Owners squabble with their athletes over salaries and incur the wrath of fans when they raise ticket prices.
How could they be loved?
Bob Bell never quite fit the profile. He always seemed to be more like one of the fans.
Maybe it was the nature of the team he owned and the sport it played, but Bell always seemed like the guy playing doubles on the next court . . . or maybe jogging past the house. He was somebody you'd see in the grocery store.
Nothing was uppity about Bell. You didn't need to go through two secretaries, three public relations persons and a vice president to talk to him. You called Bell and you got Bell.

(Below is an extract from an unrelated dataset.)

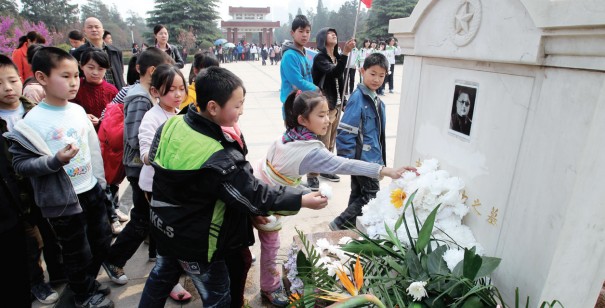 昨天上午，來(lái)鄭州市烈士陵園祭掃的小學(xué)生將百花擺放在吉鴻昌烈士墓前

When Bell's team played, he sat in what was called a private box. It was about as private as a bus stop. It was more the last row of the loge level seating, but they called it the owner's box.
When the Sockers' season opens next month, Bob Bell will no longer occupy the owner's box . . . unless he's invited. He relinquished his share of the ownership and his position as co-managing general partner this week, when a group called Sockers Management Inc. took over.
I caught up with Bell Thursday as he was cleaning out his office at the Sports Arena. He was about to drive away from a franchise he bought exactly 10 years ago to the day, and it was not a happy anniversary. He repeatedly insisted he was leaving with no bitterness and no regrets, as if just saying it would make him feel better.
Bell's problem, his undoing, was that he was not a rich tycoon with millions to squander. In today's world of sports, he was working with a shoe box full of petty cash.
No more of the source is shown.